Perhaps most importantly to portray the unfairness, if he had been a larger vessel then he would have been able to retrospectively lease the necessary quota to cover his overfishing through his PO (producers organisation). This is not an option for the under 10metre boats, so if you can imagine being out at sea, and catching a bumper net of pollack, a reasonable fisher would seek to land this fish rather than throw it back, dead into the sea [we did all vote for a ban on discarding fish after all] and if the system was fair then he could have done so without penalty.
I set out on this journey from a conservationists point of view, and recognise that it is a thin line to tread between allowing fishers to catch what they can and maintaining a balanced ecosystem. Our fisher actually caught only 30% of his allocated quota for Pollack in 2017, so landing the Pollack on the wrong boat still didn’t mean he’d breached his annual catch. Moreover, the small-scale boats only caught a total of 80% of their annual pollack quota in 2017, leaving an unused 167 tons of uncaught fish in the sea. From a conservationists point of view, this is a point worth noting.
Whilst I do not condone the activities for which the fisher was penalised, it should not come as much of a surprise that smaller scale fishermen are forced into this sort of thing by an unjust system underpinned by the unfairness and discrimination in terms of access to quota between large and small vessel operators.
Sole of Discretion remains committed to selling fish that is 100% traceable back to the boat, displaying the method of catch on each and every label, arming our customers with information sufficient to make their own ethical choices. There is plenty of scientific evidence to support our stance that smaller boats have a far lower impact on marine life than the larger vessels do, and for the most part, these small fishers are struggling to maintain a livelihood. Sole offers them a life line and in turn, helps do less damage to the seas.
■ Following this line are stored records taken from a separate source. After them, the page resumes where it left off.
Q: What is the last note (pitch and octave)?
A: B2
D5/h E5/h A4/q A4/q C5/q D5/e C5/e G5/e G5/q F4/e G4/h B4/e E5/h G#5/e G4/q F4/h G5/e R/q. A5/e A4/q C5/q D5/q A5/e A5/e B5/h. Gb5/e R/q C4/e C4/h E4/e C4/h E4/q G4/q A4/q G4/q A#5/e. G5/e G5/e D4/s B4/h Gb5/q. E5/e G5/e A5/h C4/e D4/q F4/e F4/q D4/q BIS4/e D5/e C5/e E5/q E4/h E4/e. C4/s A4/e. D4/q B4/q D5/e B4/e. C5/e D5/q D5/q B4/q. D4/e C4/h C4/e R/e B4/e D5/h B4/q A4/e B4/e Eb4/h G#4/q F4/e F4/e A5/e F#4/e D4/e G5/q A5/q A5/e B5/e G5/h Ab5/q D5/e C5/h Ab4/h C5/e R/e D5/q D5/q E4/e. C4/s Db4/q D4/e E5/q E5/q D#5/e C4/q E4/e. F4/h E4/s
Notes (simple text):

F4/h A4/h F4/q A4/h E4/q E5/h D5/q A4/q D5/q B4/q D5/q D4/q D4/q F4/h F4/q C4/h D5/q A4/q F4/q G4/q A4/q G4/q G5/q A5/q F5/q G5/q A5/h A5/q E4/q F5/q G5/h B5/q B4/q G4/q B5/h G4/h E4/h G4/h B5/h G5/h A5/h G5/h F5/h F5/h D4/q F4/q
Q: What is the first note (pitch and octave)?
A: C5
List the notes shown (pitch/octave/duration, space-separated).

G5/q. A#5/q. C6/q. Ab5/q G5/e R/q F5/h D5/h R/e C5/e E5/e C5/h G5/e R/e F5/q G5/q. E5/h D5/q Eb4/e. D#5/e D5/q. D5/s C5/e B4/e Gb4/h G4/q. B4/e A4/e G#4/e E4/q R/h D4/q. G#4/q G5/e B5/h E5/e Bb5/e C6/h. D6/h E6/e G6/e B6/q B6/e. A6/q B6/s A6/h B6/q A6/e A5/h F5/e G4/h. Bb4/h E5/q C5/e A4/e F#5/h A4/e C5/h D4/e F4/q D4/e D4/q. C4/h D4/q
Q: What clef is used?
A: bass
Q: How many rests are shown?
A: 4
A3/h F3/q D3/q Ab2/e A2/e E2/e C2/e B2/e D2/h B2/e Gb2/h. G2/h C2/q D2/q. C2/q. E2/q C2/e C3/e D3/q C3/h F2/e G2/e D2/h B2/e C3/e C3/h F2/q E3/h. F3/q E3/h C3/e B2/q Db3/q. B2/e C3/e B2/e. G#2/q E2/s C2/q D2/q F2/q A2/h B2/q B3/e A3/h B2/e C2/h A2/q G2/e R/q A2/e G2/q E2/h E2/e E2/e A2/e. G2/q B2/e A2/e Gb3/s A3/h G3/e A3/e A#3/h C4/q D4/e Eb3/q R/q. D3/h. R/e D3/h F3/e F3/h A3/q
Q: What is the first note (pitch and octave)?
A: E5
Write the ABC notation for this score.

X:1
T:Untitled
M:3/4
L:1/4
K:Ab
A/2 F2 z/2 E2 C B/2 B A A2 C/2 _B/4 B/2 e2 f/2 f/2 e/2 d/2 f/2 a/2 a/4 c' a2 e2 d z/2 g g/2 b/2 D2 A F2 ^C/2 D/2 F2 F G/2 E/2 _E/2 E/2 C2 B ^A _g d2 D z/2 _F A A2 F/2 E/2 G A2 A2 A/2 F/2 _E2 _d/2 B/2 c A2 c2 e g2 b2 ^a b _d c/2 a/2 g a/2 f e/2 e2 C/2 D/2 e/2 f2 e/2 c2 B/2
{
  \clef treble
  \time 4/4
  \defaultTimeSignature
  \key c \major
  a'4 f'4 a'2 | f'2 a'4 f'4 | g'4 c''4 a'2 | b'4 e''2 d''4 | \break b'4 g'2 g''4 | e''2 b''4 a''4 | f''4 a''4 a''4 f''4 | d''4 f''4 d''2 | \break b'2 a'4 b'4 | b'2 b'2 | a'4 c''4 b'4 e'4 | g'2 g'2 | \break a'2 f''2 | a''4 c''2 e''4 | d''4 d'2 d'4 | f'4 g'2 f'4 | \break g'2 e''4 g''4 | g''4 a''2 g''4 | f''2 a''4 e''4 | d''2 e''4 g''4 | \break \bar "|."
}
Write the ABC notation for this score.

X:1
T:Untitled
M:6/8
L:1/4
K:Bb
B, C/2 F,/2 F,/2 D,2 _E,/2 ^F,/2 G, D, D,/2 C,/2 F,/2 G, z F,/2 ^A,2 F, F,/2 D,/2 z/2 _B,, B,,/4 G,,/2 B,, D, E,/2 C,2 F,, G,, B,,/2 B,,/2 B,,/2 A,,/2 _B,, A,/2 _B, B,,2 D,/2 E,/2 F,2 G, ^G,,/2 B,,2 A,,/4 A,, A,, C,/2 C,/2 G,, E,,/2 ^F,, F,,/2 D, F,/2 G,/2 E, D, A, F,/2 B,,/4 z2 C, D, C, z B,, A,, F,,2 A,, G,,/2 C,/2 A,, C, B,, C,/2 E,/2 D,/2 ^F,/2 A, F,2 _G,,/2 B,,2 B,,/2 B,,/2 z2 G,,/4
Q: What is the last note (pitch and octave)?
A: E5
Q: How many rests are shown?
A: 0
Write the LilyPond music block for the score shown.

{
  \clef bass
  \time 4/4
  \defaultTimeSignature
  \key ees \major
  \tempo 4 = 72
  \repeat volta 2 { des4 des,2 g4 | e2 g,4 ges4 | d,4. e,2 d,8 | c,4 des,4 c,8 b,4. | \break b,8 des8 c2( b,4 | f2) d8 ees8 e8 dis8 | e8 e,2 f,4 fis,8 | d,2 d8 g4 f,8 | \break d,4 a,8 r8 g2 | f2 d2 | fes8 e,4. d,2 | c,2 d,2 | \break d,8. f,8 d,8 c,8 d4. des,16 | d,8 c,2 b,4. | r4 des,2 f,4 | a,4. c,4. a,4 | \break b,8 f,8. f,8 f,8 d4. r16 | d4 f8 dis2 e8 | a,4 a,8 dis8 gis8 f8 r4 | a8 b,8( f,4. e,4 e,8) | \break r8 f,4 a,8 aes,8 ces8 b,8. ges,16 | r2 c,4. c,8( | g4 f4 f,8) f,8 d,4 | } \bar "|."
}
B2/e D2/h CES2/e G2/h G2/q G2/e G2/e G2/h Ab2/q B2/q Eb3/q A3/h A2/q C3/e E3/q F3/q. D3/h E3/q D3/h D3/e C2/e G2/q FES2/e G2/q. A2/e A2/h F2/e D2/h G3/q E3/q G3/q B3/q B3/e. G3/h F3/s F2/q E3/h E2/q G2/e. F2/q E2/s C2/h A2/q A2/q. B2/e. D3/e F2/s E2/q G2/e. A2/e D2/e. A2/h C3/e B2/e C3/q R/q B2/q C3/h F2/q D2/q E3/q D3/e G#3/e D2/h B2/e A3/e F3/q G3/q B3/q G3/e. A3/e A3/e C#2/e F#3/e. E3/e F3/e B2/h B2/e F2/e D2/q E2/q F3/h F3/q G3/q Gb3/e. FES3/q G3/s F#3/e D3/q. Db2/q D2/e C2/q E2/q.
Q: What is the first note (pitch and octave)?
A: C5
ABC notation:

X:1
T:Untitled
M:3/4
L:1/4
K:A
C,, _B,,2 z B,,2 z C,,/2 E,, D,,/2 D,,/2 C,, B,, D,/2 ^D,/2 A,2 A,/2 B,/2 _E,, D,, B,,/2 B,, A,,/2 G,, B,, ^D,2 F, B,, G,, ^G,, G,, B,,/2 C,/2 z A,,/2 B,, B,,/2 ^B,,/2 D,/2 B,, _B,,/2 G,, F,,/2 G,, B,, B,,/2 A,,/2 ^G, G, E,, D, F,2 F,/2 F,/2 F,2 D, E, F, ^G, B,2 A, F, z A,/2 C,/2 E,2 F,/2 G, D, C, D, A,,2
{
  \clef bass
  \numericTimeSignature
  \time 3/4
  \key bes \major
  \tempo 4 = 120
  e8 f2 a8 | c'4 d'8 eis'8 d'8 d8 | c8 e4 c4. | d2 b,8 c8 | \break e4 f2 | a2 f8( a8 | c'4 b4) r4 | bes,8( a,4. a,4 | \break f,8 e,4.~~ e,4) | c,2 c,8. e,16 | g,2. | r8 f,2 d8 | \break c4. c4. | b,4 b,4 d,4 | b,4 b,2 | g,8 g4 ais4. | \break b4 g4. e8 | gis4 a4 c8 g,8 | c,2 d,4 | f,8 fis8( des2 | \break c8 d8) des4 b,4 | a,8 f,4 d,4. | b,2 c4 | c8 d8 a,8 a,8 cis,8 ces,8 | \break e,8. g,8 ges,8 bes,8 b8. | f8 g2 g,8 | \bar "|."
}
Redesigning a system post-Brexit which leads to more community and family jobs and enterprises would secure livelihoods and in so doing allow a redistribution of wealth and the ability to build responsibility and lessen corporate dictatorship. Had that been done long ago, the UK might have avoided it’s current political plight. The stakes are comparably high to the health of the sea and the two are intrinsically linked; one requires the other to survive.
We are advocates for positive change and the road to perfection will always have a few potholes along the way. It is important that we make the small-boat model work.
By chance, our longest standing customer, Farmdrop,were on a planned visit as the news was unfolding. Farmdrop spoke with a number of fishers we had arranged for them to meet, and having seen how they work and listened to the difficulties they face as small-scale fishers. Such was their dedication to becoming part of the solution, they ended their trip confirming that they would like us to become their sole supplier of fish. We are so very grateful and privileged to be working alongside such visionaries.
It has not been an easy journey, but we haven’t given up yet, and thanks to amazing companies like Farmdrop, some of these small-scale fishers, caught between a rock and a hard place, are being given the opportunity to help all of us eat fish that has been caught with a lower impact than most others, and that is a challenge worth fighting for.”